Mobile: +46 (0)702147811
Office: +46 (0)317863827


Begin forwarded message:

From: Alan R Williams <alan.r....@manchester.ac.uk>
Subject: Re: URLs of workflows for publication
Date: November 11, 2013 11:24:00 AM GMT+01:00
Cc: Sonja Leidenberger <sonja.lei...@bioenv.gu.se>, Alex Hardisty <Hardi...@cardiff.ac.uk>, Matthias Obst <matthi...@bioenv.gu.se>, Jonathan Giddy <J.P....@cs.cardiff.ac.uk>, Abraham Nieva de la Hidalga <a_n...@hotmail.com>

We are discussing this now (as in this second) on the myExperiment skype call.

Alan

On 11/11/2013 10:20, Robert Haines wrote:
Hi all,

I've added Alan to the CC list.

To keep my reply short for now, I think we should be looking at DOIs for
this (http://www.doi.org/).

DOI is an ISO standard, libraries use them, publications have them and
we should be treating our published workflows like published papers. But
I do mean only *published* workflows. Assigning a DOI would be part of
the formal publishing process for our workflows and would get us in the
mindset of versioning things more carefully.

The SEEK platform can (or soon will be able to) assign DOIs and register
them so we will have experience of working with them in the myGrid team
soon.

Rob

On 08/11/2013 17:04, Francisco Quevedo wrote:
Hi Sarah,

Good  constructive feedback from the reviewer, although as I will
explain later on, I'm not sure that even using PURL, we can solve all
the problem we can have of this type. For that reason, I've just added
Jon, Abraham and Rob to the conversation so they can give us their
opinion.

To be honest, I didn't know nothing about PURLs, but after reading a
little bit I can see how by using PURLs, we can give to our users a
permanet URL (PURL) to access the content we want them to access, but
also offering us the possibility to move the real place where the
content is without the need to change the url that we gave to our users.
According to its definition:

"A /Persistent/ URL is an address on the World Wide Web that points to
other Web resources. If a Web resource changes location (and hence URL),
a PURL pointing to it can be updated. A user of a PURL always uses the
same Web address, even though the resource in question may have moved. "
http://purl.oclc.org/docs/help.htm

Technically this can be achieved by using a PURL server (basically a url
resolver), where our users access this PURL server and depending on the
path, it will redirect automatically the request to where the content
is.

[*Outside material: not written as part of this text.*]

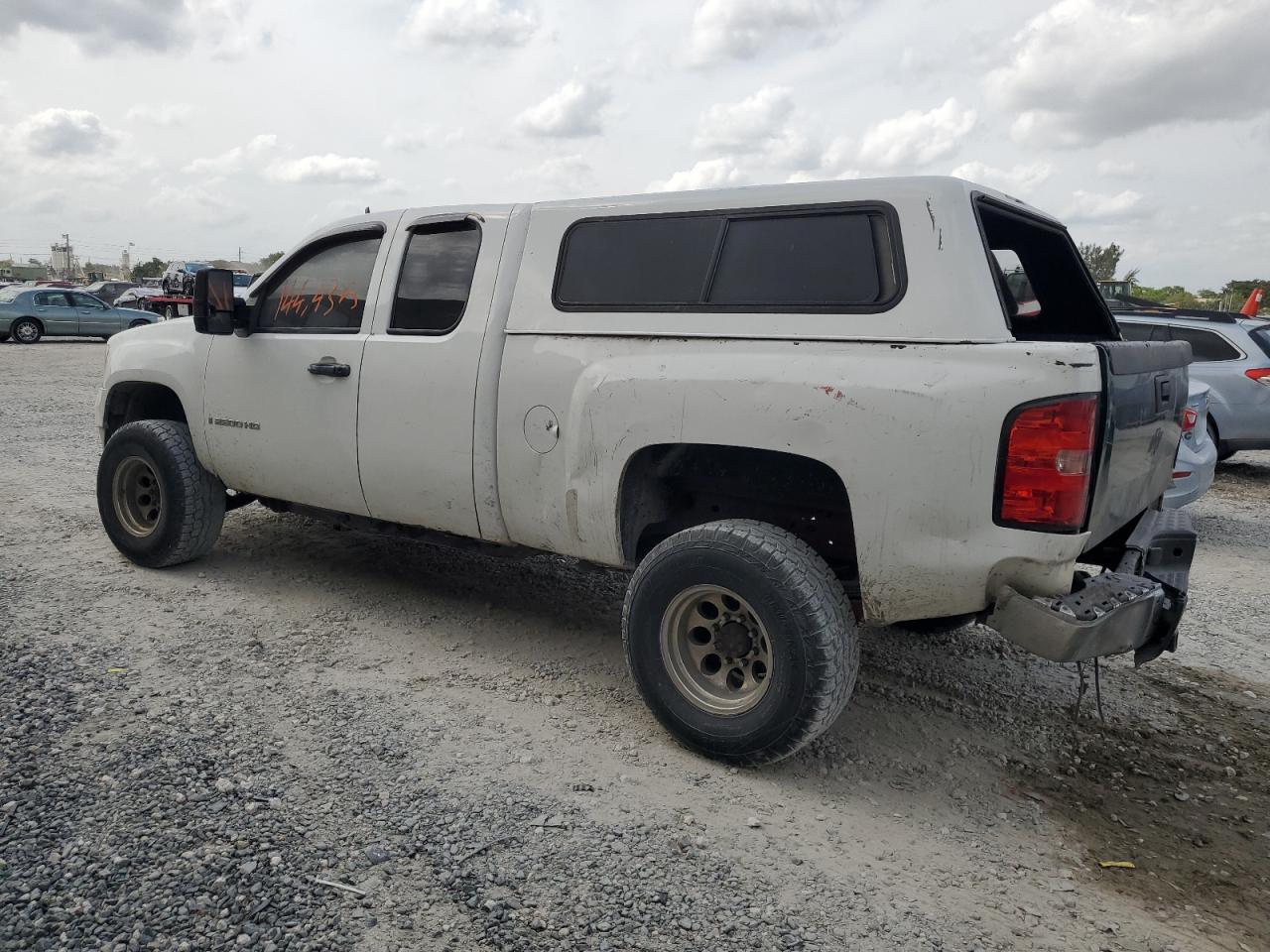 Photo 1 VIN: 1GTHK29K37E518050 - GMC SIERRA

This type of architecture is used amongst others by the U.S.
Government Printing Office to provide stable URLs to online Federal
information (http://purl.fdlp.gov/docs/index.html)

As an example, imagine that we published a paper in which we say that
the BioVeL workflows can be accessed in the BioVeL portal by going to
the http address "http://tavlite1.biovel.eu/workflows". Then after a
while we decide that this name is not suitable and we change it to
"http://portal.biovel.eu". So, in the case we would have shut down the
tavlite1 server, a reader of our paper will not be able to access the
workflows described in the paper because the url we gave them it doesn't
any longer exist. Although, I want to say that this is not the situation
we have because we have not shut down tavlite1.  But I can see the case
that, if instead of giving them the specific address, we would have give
them a PURL address, eg: http://purl.biovle.eu/portal/workflows,  they
will still be able to access the workflows independently if we had move
or not the machine. For example initially the PURL server will map that
address to "http://tavlite1.biovel.eu/workflows", so if any user type
http://purl.biovle.eu/portal/workflows will be redirected to
http://tavlite1.biovel.eu/workflows, but if we change the portal url, it
will be enough to update the PURL entry and the users will still have
access to it by typing the same PURL address.

However, I want to say that we have achieved something similar to this
feature in the new portals that we have deployed in Amazon by using DNS.
Jon and Rob have set up a DNS in Amazon (Amazon Route 53) that redirect
the users' requests to the exact machine where we have our applications.
For example, when we write "http://portal.biovel.eu" the DNS resolves
that name and redirect the request to "https://portal1.at.biovel.eu/"
that is the real machine (well not exactly but for our case imagine it
is). So basically the DNS server is doing something similar to what the
PURL server would do. With this DNS is easy to change the machine to a
different one. Imagine we move portal1 to a more powerful machine called
portal5, by changing the entry in the DNS table, they user can still
using the url "http://portal.biovel.eu" but this time they will be
redirected to "https://portal5.at.biovel.eu/"  instead of portal1.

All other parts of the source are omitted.